* _Material for the task_
* * * * *

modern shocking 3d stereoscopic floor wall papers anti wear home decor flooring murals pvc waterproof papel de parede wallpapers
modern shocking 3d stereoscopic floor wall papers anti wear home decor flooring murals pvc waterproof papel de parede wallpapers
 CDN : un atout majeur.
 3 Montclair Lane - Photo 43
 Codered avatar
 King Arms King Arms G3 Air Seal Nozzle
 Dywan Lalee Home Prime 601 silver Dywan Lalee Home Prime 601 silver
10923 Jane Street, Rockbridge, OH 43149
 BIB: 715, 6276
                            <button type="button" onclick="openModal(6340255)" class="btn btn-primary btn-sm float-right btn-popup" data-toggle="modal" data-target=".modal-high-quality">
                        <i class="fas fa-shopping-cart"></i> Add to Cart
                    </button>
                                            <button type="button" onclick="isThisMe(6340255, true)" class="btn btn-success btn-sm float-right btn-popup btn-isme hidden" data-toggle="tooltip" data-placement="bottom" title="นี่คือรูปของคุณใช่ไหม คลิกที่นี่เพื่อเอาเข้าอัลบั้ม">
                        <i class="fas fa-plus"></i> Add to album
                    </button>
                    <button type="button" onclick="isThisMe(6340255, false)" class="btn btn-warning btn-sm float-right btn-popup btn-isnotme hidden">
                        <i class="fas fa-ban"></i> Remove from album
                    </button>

* * * * *

* _Description of the task_
Where a line in the records above includes the string "right", show it.

* _Solution to this problem_
                            <button type="button" onclick="openModal(6340255)" class="btn btn-primary btn-sm float-right btn-popup" data-toggle="modal" data-target=".modal-high-quality">
                                            <button type="button" onclick="isThisMe(6340255, true)" class="btn btn-success btn-sm float-right btn-popup btn-isme hidden" data-toggle="tooltip" data-placement="bottom" title="นี่คือรูปของคุณใช่ไหม คลิกที่นี่เพื่อเอาเข้าอัลบั้ม">
                    <button type="button" onclick="isThisMe(6340255, false)" class="btn btn-warning btn-sm float-right btn-popup btn-isnotme hidden">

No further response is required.